M1 have the advantage to store ammo outside the crew compartment but at the cost of having it's ammo way more exposed with a turret hit. It would not explode in the tank hull if the blast door are close ( When not recharging the gun) . So the crew is safer if no ammo are carried in the hull. M1 had possibility to carry ammo in the hull too...i don't think that storage is used anymore.
It's very dubious if this is actually an advantage. In the battlefield, a M1 effectively only has whatever thin armor shields the blowout panels in the turret, which will be the most exposed part of the tank. The crew can often survive a M1 being mission killed from ammo cook off, but then you have a likely wounded crew stranded as dismounted infantry in a modern battlefield environment where their survival chances range from low to very low.
The Chinese/German/Russian/Israeli 3rd generation tanks will have the crew instantly killed if an ammo cook off happens, but it's much more difficult to hit the low part of the hull (which is also more armored), and an equivalent hit to a M1 will also kill the crew, although not in an equally spectacular fashion.

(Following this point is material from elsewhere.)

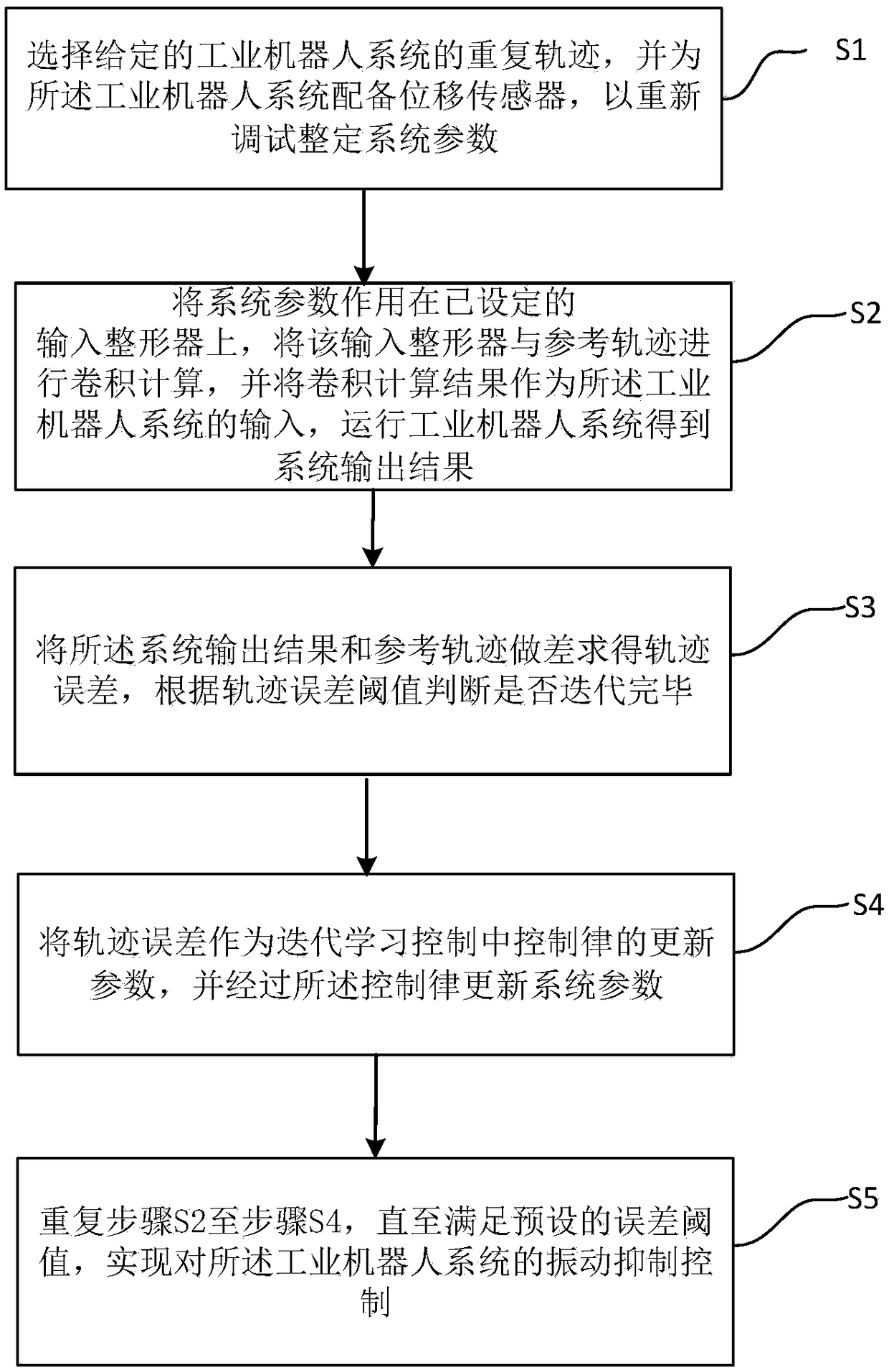 Method for combined inhibition of vibration based on iterative learning control and input shaping technology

I think there's a good reason why almost every major tank building nation uses ammo stored in the hull bottom, and why both 4th generation tank designs use carousel (with added improvement by armored capsule, which saves the crew but still leaves the tank destroyed).
M1s were designed firstly in an era where they just needed to match the T72 in frontal protection while having a defender's advantage, and then secondly every upgrade afterwards focused on partisan suppression in the middle east.
Having the ammo cook off and leaving the crew stranded is fine if youre not fighting regular military adversaries. It's probably even beneficial through a mineshaft canary effect, where if a M1 gets crossfired by RPGs and gets mission killed, it reveals that the danger in the area is high, while the crew can still run out of there, because they're not in a modern battlefield environment.